(Data records)
━━━━━━━━━━━━━━━━━━━━━━━━━━━━━━

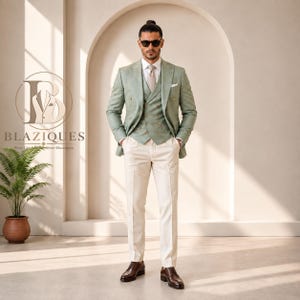 Sage Green 3 Piece Mens Suit, Double Breasted Waistcoat, Custom Wedding Suit, Groom Suit, Made to Measure
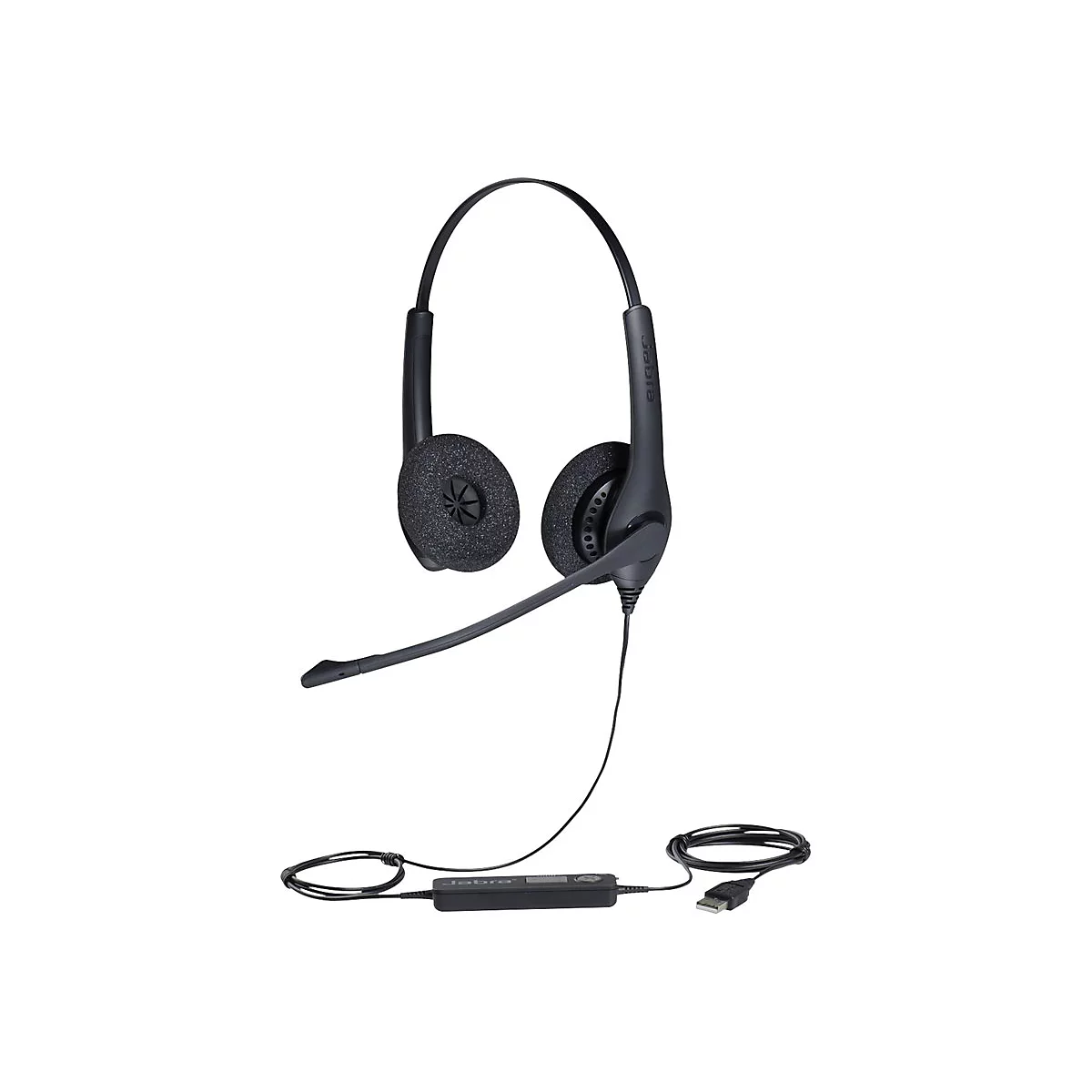 Ein schwarzes Headset mit Ohrmuscheln, Mikrofon und USB-Anschluss. Das Headset ist von Jabra.
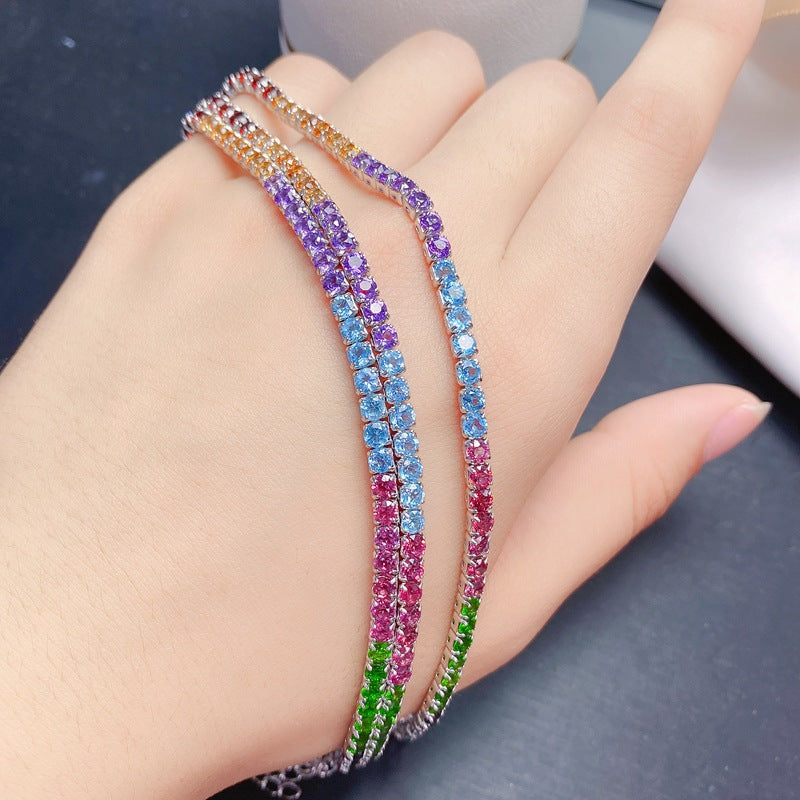 S925 Natural Colorful Treasure Candy Color Bracelet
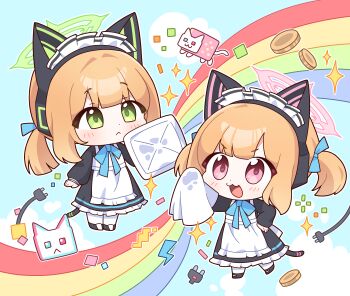 Rule 34 | 2girls, :<, :3, :d, absurdres, animal ear headphones, animal ears, apron, aqua background, black dress, black shoes, blonde hair, blue archive, blue ribbon, blush, borrowed clothes, cat ear headphones, cat ears, cat tail, chibi, chibi only, cleaning rag, closed mouth, cloud, coin, commentary, dot nose, dress, electric plug, fake animal ears, fake tail, frilled apron, frilled dress, frills, full body, green eyes, green halo, hair ribbon, halo, hand on own hip, headphones, highres, holding rag, lightning bolt symbol, long sleeves, maid, maid apron, maid headdress, midori (blue archive), midori (maid) (blue archive), momoi (blue archive), momoi (maid) (blue archive), multiple girls, neck ribbon, nyan cat, official alternate costume, official alternate hairstyle, open mouth, pantyhose, pink eyes, pink halo, ponytail, puffy long sleeves, puffy sleeves, rainbow, ribbon, shoes, short hair, short ponytail, short twintails, siblings, sidelocks, sisters, smile, sparkle, sucong, tail, twins, twintails, white apron, white pantyhose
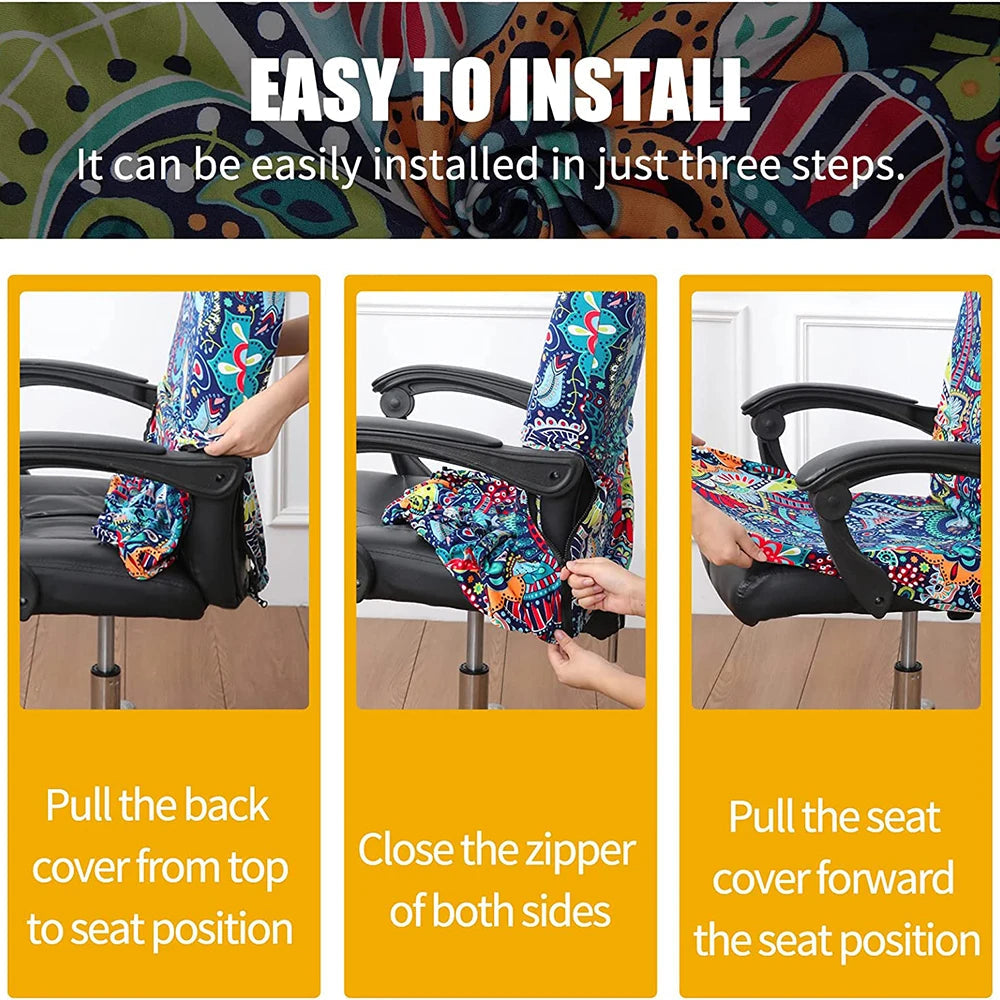 Stretch Printed Computer Office Chair Covers Soft Fit Universal Desk Rotating Slipcovers Removable Washable Anti-Dust Spandex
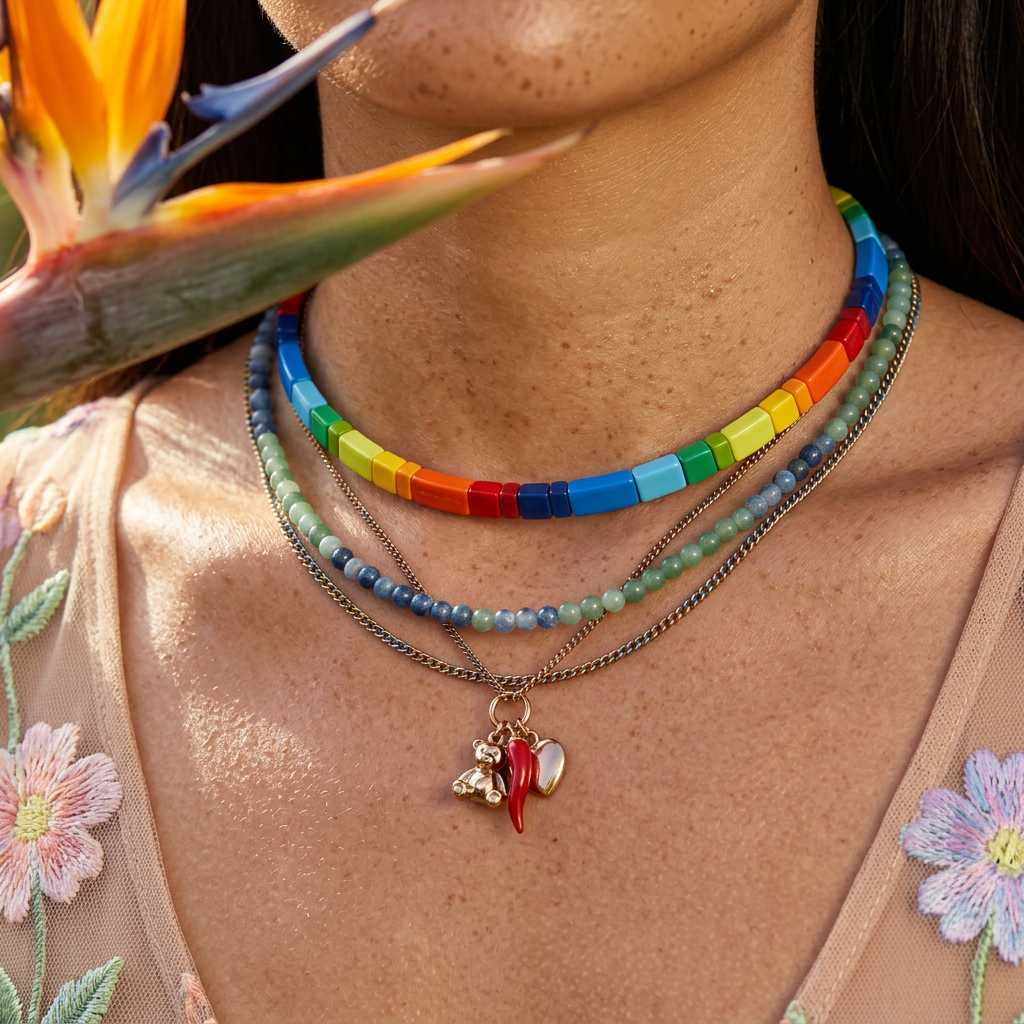 Violia Acrylic Bar Choker Necklace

━━━━━━━━━━━━━━━━━━━━━━━━━━━━━━

- [Task statement] The answer must consist solely of the lines from the line containing "S925 Natural Colorful" to the end of the data, reproduced exactly, with every picture left out.

- [Worked solution]
 S925 Natural Colorful Treasure Candy Color Bracelet
 Rule 34 | 2girls, :<, :3, :d, absurdres, animal ear headphones, animal ears, apron, aqua background, black dress, black shoes, blonde hair, blue archive, blue ribbon, blush, borrowed clothes, cat ear headphones, cat ears, cat tail, chibi, chibi only, cleaning rag, closed mouth, cloud, coin, commentary, dot nose, dress, electric plug, fake animal ears, fake tail, frilled apron, frilled dress, frills, full body, green eyes, green halo, hair ribbon, halo, hand on own hip, headphones, highres, holding rag, lightning bolt symbol, long sleeves, maid, maid apron, maid headdress, midori (blue archive), midori (maid) (blue archive), momoi (blue archive), momoi (maid) (blue archive), multiple girls, neck ribbon, nyan cat, official alternate costume, official alternate hairstyle, open mouth, pantyhose, pink eyes, pink halo, ponytail, puffy long sleeves, puffy sleeves, rainbow, ribbon, shoes, short hair, short ponytail, short twintails, siblings, sidelocks, sisters, smile, sparkle, sucong, tail, twins, twintails, white apron, white pantyhose
 Stretch Printed Computer Office Chair Covers Soft Fit Universal Desk Rotating Slipcovers Removable Washable Anti-Dust Spandex
 Violia Acrylic Bar Choker Necklace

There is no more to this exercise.